Each year, I aim to recruit a select number of PhD students (0-2), master’s students (0-2), and a few full-time research assistants. While we do offer flexibility with remote work arrangements, it’s important to note that we do not hire fully-remote members. Engaging with our group and fostering collaboration is a core part of the research experience, which is difficult to achieve in a fully remote setting. Unfortunately, we are not offering internships at this time.
Given the volume of emails I receive, I spend a substantial amount of time reviewing and responding to inquiries—time that could otherwise be spent advancing my research, working with my collaborators, or mentoring my students. To ensure your email stands out and has the best chance of receiving a response, I encourage you to adhere to the following guidelines.
Emails that are most likely to receive a response:
Follow the application guidelines provided below – This shows that you have taken the time to understand the process and that you are serious about your interest.
Engage thoughtfully with relevant research topics – I appreciate inquiries that go beyond general statements like, “I found your recent paper ‘X’ interesting.” Instead, I value emails that demonstrate depth of understanding and alignment with my research areas. For example, if you mention one of my papers, please highlight specific concepts or contributions in optimization or machine learning theory that intrigued you, and explain how they align with your academic interests or past research experience.
I strongly value intellectual curiosity, a deep engagement with research, and a clear sense of direction in prospective students. By providing a well-informed and thoughtful email, you not only show respect for my time but also demonstrate the qualities that are essential for succeeding in our group.
I look forward to learning more about your interest in optimization and machine learning theory, and I appreciate your understanding as we strive to make the best use of our time and resources.
Please see the following FAQs:
Our group primarily works at the intersection of statistics, applied mathematics, and machine learning theory. We are particularly focused on understanding the fundamental principles that govern the behavior of machine learning algorithms, with a strong emphasis on optimization techniques.
Currently, my research interests lie in the theoretical analysis of stochastic gradient descent (SGD) and gradient descent (GD) as applied to neural networks. We aim to uncover insights into how these optimization methods drive the learning process and contribute to the success of deep learning models. Additionally, we explore sampling from arbitrary distributions, a problem with broad implications in machine learning, including in areas like Monte Carlo methods and Bayesian inference.
To get a clearer idea of the scope and depth of our research, I encourage you to visit my research and publications pages, where you can explore our latest work and ongoing projects.
Given the theoretical nature of the research we pursue, I expect prospective candidates to possess a solid foundation in statistics, applied mathematics, and/or computer science. Successful candidates should demonstrate strong analytical skills, a passion for abstract thinking, and the ability to approach complex problems from first principles.

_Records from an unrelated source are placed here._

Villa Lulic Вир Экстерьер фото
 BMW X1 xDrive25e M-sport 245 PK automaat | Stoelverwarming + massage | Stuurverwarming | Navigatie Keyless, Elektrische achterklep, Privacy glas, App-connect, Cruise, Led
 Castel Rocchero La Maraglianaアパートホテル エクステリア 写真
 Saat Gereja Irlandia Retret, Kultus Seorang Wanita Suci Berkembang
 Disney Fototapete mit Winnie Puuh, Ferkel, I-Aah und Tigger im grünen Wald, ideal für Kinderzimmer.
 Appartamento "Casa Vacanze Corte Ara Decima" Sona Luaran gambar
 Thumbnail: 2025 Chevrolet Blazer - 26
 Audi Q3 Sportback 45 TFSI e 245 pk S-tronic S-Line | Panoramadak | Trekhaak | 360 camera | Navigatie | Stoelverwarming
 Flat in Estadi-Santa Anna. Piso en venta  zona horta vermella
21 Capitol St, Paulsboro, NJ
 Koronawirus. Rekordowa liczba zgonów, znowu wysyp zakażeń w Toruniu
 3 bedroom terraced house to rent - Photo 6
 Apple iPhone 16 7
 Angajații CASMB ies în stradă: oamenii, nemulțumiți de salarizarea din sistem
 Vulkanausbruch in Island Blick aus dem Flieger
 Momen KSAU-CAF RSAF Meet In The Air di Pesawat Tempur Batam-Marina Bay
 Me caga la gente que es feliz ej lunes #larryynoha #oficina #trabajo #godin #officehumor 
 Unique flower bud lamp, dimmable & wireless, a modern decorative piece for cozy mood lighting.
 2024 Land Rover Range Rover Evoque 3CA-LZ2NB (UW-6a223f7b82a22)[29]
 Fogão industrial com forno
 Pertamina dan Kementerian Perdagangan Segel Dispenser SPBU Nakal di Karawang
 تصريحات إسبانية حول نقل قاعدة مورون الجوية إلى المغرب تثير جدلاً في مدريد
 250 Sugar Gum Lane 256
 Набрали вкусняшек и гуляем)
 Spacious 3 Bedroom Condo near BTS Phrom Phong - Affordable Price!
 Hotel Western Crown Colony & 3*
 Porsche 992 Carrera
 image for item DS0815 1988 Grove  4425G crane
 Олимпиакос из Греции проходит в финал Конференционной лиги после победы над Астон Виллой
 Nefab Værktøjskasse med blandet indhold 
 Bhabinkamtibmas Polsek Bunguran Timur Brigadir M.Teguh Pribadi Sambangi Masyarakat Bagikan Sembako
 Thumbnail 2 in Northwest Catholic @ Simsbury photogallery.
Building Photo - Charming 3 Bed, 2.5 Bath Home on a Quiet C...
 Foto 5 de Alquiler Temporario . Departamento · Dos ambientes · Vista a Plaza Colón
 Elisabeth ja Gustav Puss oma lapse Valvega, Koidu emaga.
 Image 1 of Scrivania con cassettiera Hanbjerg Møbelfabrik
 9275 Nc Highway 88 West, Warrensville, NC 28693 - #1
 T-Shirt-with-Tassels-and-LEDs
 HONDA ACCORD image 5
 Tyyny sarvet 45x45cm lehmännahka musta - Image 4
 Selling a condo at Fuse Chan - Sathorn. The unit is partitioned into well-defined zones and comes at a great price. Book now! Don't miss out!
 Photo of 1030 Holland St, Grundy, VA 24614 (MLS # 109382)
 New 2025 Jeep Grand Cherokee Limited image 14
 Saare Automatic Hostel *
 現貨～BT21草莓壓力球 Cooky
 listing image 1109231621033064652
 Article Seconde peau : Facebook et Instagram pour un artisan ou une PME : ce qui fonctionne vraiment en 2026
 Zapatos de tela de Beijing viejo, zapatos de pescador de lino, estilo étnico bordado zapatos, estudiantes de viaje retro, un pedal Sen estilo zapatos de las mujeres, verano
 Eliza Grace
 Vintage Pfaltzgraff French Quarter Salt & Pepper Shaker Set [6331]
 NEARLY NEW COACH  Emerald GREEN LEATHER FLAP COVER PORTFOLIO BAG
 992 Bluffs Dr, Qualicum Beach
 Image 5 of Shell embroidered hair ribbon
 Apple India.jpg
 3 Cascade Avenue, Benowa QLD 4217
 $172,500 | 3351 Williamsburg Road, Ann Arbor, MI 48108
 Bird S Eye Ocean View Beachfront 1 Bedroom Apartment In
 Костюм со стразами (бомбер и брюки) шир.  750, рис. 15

Proficiency in mathematical tools such as statistics and probability theory, linear algebra, and optimization is essential, as is familiarity with the computational frameworks commonly used in machine learning. A background in these areas will enable you to engage meaningfully with the research questions we address and contribute to advancing the theoretical understanding of machine learning algorithms. If you believe you have the qualifications to contribute to our work, you should belong to one of the following groups:
PhD & M.Tech (by research) programs: To join our research group, you must first secure formal acceptance at IISc. If you believe you would be a good fit, I encourage you to apply to the programs offered by the Department of Computer Science and Automation (CSA) and to specify your interest in this department in your application.
You can check the institute-wide application deadline on the IISc website. For any additional questions regarding the admissions process, please refer to the information provided there.
It’s important to note that students from centrally funded institutes, including IITs and NITs, are not required to take national tests (such as GATE) to apply for the PhD program. This policy represents a significant step towards simplifying the admissions process.
I strongly encourage interested candidates to reach out to me via email prior to the admission cycle. This will provide an opportunity for us to discuss our research interests and styles, fostering a better mutual understanding.
Research Assistants (RAs)/Pre-docs: Directly reach out with the following information.
Interns: There are no available internship positions.
I invite you to address me by my first name; there is no need for formal titles. In your email, I would appreciate it if you could provide a brief overview of your background, skills, aspirations, and research interests. This context will help me understand your unique profile and how it aligns with our work.
Please ensure to include the following important information in your email:
Position Details: Clearly specify the position you are applying for, along with your anticipated start date and the desired duration of your engagement. This will assist in aligning your application with our current openings and timelines.
Supporting Documents: Attach your CV and transcripts. Unofficial copies are perfectly acceptable, as they will still provide the necessary insight into your academic achievements and experiences.
Research Engagement: It is essential to mention which of my papers you have read and what insights or understandings you gained from them. This demonstrates your engagement with my research and helps me gauge your intellectual curiosity and alignment with our group’s focus.
Additionally, I encourage you to include any relevant writing or code samples, such as links to your published papers, articles, or GitHub projects. This supplementary material can provide valuable context regarding your capabilities and contributions, showcasing your potential as a member of our team.
I look forward to reviewing your application and learning more about your interests and background!